- RECORDS TO PROCESS -
□ □ □ □ □ □ □

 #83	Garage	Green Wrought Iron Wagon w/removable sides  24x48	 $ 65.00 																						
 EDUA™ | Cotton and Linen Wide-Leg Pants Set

□ □ □ □ □ □ □

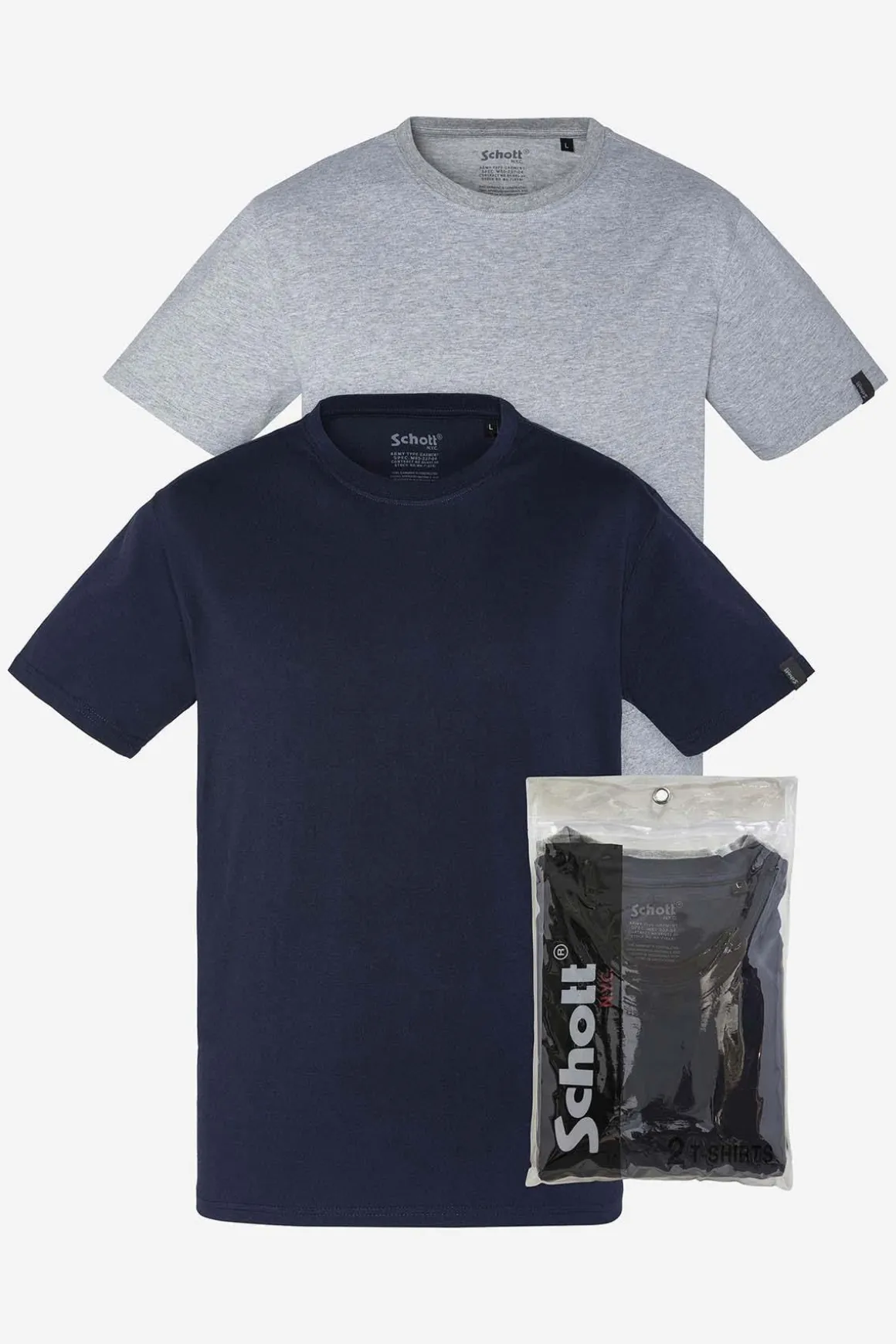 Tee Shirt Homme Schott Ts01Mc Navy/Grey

□ □ □ □ □ □ □

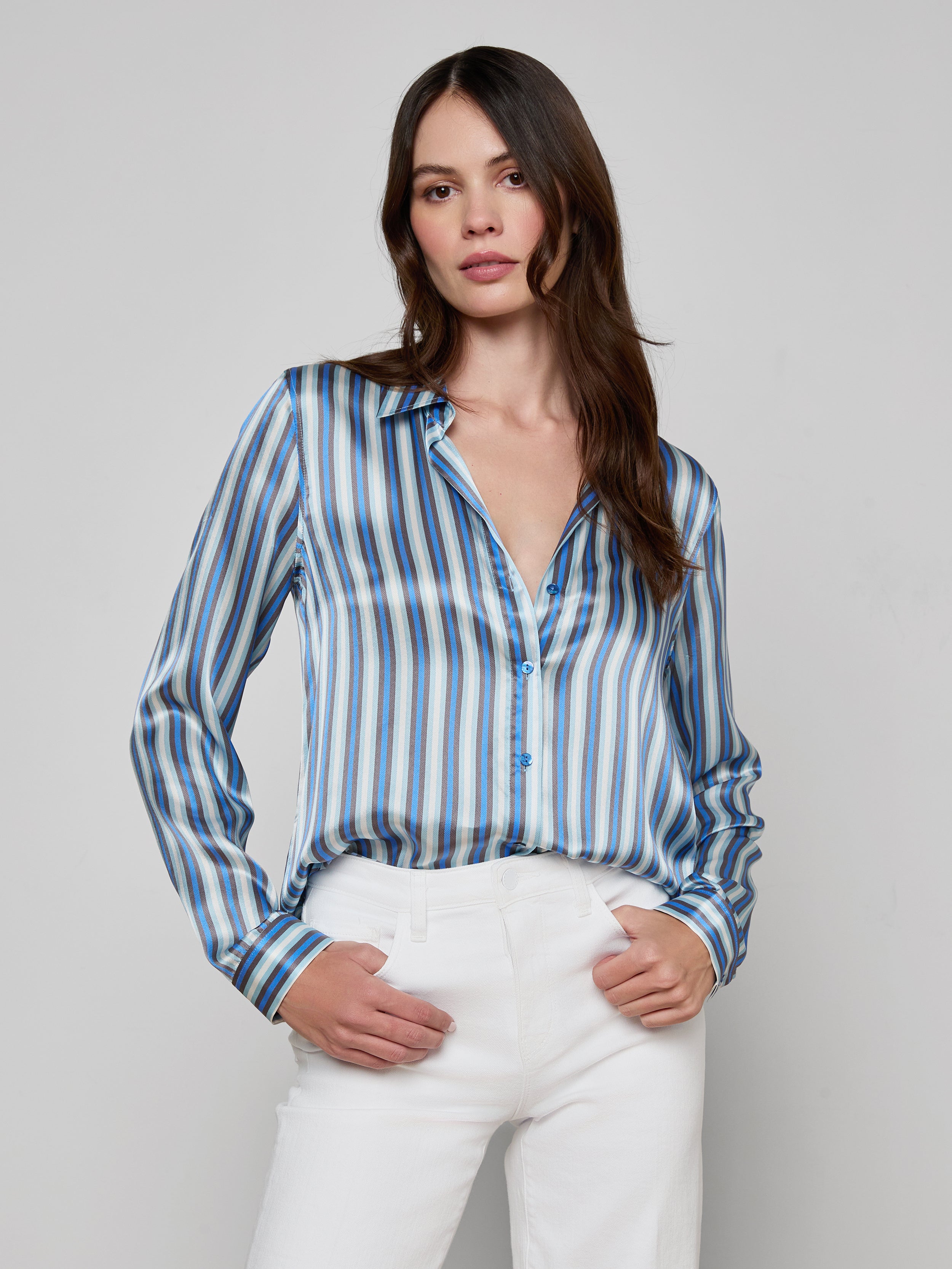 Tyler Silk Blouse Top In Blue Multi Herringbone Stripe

□ □ □ □ □ □ □

- WORK INSTRUCTIONS -
Among the records above, repeat exactly the line with "Wrought Iron Wagon", the line with "EDUA™ | Cotton and Linen Wide-Leg Pants Set", and every line in between, and only those.

- SOLUTION -
 #83	Garage	Green Wrought Iron Wagon w/removable sides  24x48	 $ 65.00 																						
 EDUA™ | Cotton and Linen Wide-Leg Pants Set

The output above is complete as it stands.